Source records
# # # # # # #

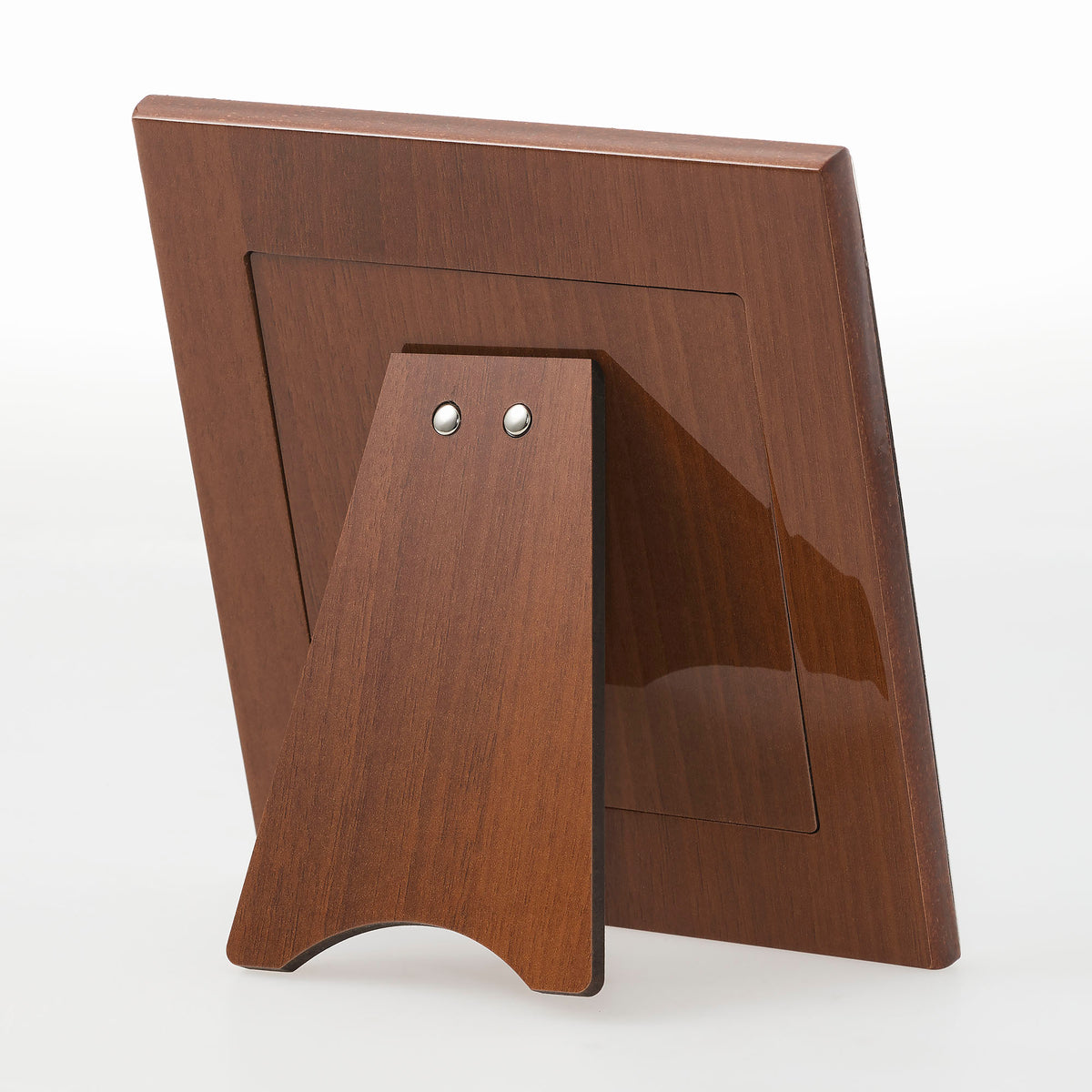 Medium brown wooden back of Sterling Cub Frame.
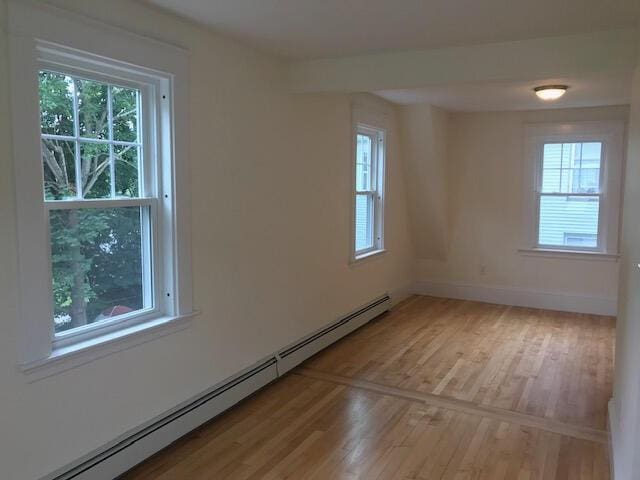 spare room with baseboard heating and wood-type flooring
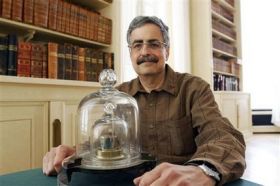 Richard Davis of the International Bureau of Weights and Measures, sits next to a copy of the cylinder that has been the international prototype for the metric mass, in his office in Sevres.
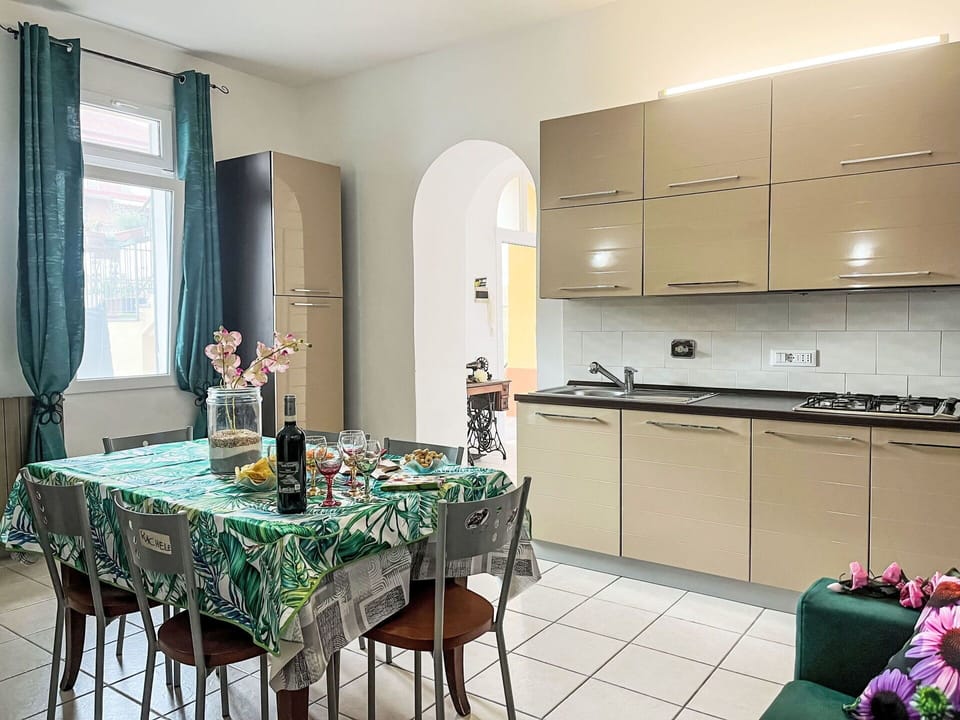 Furniture, Interior Design, Kitchen, Kitchen Appliance, Flooring, Major Appliance, Countertop, Floor, Cabinetry, Room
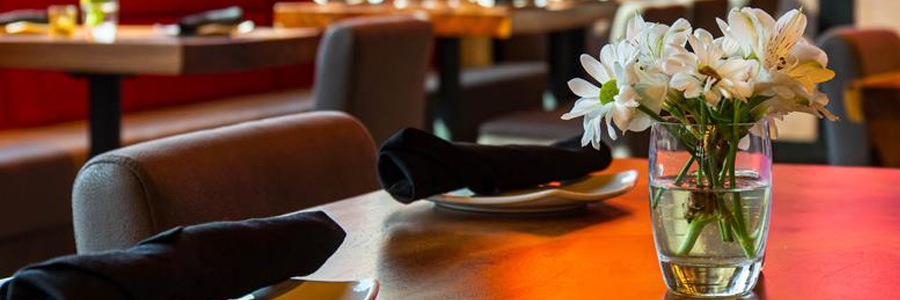 A table set with flowers in the center
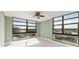 Bedroom featuring large windows offering city views at 7700 Sun Island S Dr # 608, South Pasadena, FL 33707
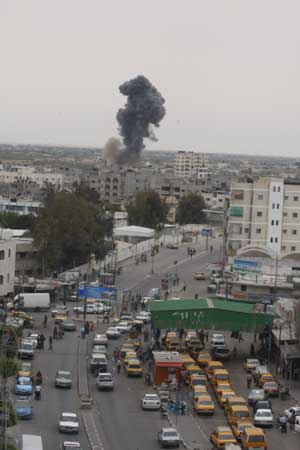 Smokes rise on the border line between the Gaza Strip and Egypt after Israeli jets bombed underground smuggling tunnels in Rafah town, southern Gaza Strip, on May 2, 2009. An Israeli army spokesman confirmed the airstrikes on Rafah tunnels. Three Palestinians were wounded in these strikes.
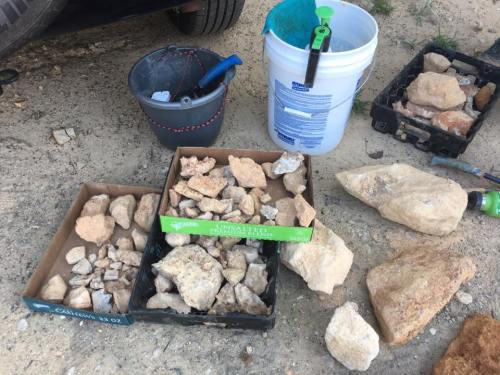 Three boxes of various rocks on the ground, with a bucket and a container nearby.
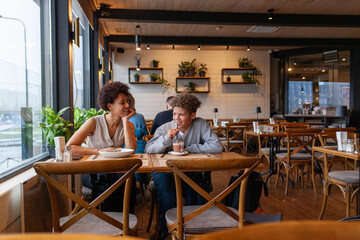 African American woman and her son are sitting in cafe drinking coffee and smiling, curly-haired teenager and his mother are having lunch in restaurant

# # # # # # #

- [ACTIVITY]: What you return must match each record exactly and contain no images.

- [EXERCISE RESULT]:
 Medium brown wooden back of Sterling Cub Frame.
 spare room with baseboard heating and wood-type flooring
 Richard Davis of the International Bureau of Weights and Measures, sits next to a copy of the cylinder that has been the international prototype for the metric mass, in his office in Sevres.
 Furniture, Interior Design, Kitchen, Kitchen Appliance, Flooring, Major Appliance, Countertop, Floor, Cabinetry, Room
 A table set with flowers in the center
 Bedroom featuring large windows offering city views at 7700 Sun Island S Dr # 608, South Pasadena, FL 33707
 Smokes rise on the border line between the Gaza Strip and Egypt after Israeli jets bombed underground smuggling tunnels in Rafah town, southern Gaza Strip, on May 2, 2009. An Israeli army spokesman confirmed the airstrikes on Rafah tunnels. Three Palestinians were wounded in these strikes.
 Three boxes of various rocks on the ground, with a bucket and a container nearby.
 African American woman and her son are sitting in cafe drinking coffee and smiling, curly-haired teenager and his mother are having lunch in restaurant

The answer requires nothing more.